In recent months a number of global factors have combined to create a ‘perfect storm’ of inflation, leading to rising energy prices and increasing the cost of investment in future green energy alternatives.
Since the last quarter of 2021 energy prices have shot up to the highest levels in a decade. As the economy rebounded in a post pandemic world, oil and natural gas prices peaked, bringing in record profits for many fossil fuel companies such as BP.
In addition to global economic macro factors brought on by the pandemic, Russia’s invasion of Ukraine and the recent sanctions have pushed fuel prices to unsustainable levels.
The Move to Renewable Energy
This has spurred on many world leaders like US president Joe Biden to double down on green investments in order to lessen western countries reliance on fossil fuel giants like Russia and the Middle East while meeting climate change commitments and leading the world into a carbon neutral future.
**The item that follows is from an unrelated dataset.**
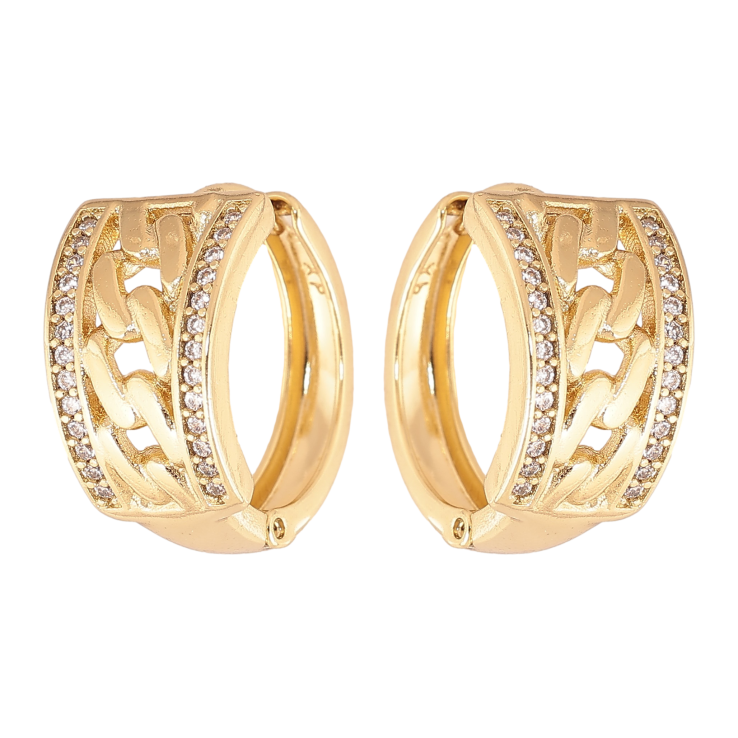 Сережки Xuping колір Позолота 14K колечка "Візерунок з кристалами" фото №13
However, this too comes with its costs.
The shift to green energy means that demand for minerals has surged in order to help build more electric cars, solar panels and help cater to the battery storage boom and the fast growth in wind energy. Minerals such as Lithium, Nickel and Aluminium have seen their price rise as much as 1000% in the past year and the IMF have predicted their price will continue to increase dramatically for the next decade as companies and governments look to create sustainable energy alternatives.
As the big energy companies transition from fossil fuels to renewable and low-carbon energy, investment in new oil and gas projects has slowed subsequently, and this has contributed to a shortage while companies make the change. This means that in the short term green energy projects are increasing inflation and pushing up the price of traditional fossil fuels.
The Effect of the Price Cap Increase
The UK’s energy regulator Ofgem protects energy consumers, and ensures price fairness. Their energy price cap affects people on default energy tariffs and those who are on a price capped tariff. It tracks wholesale energy and other costs and acts as a ceiling on the per unit energy price.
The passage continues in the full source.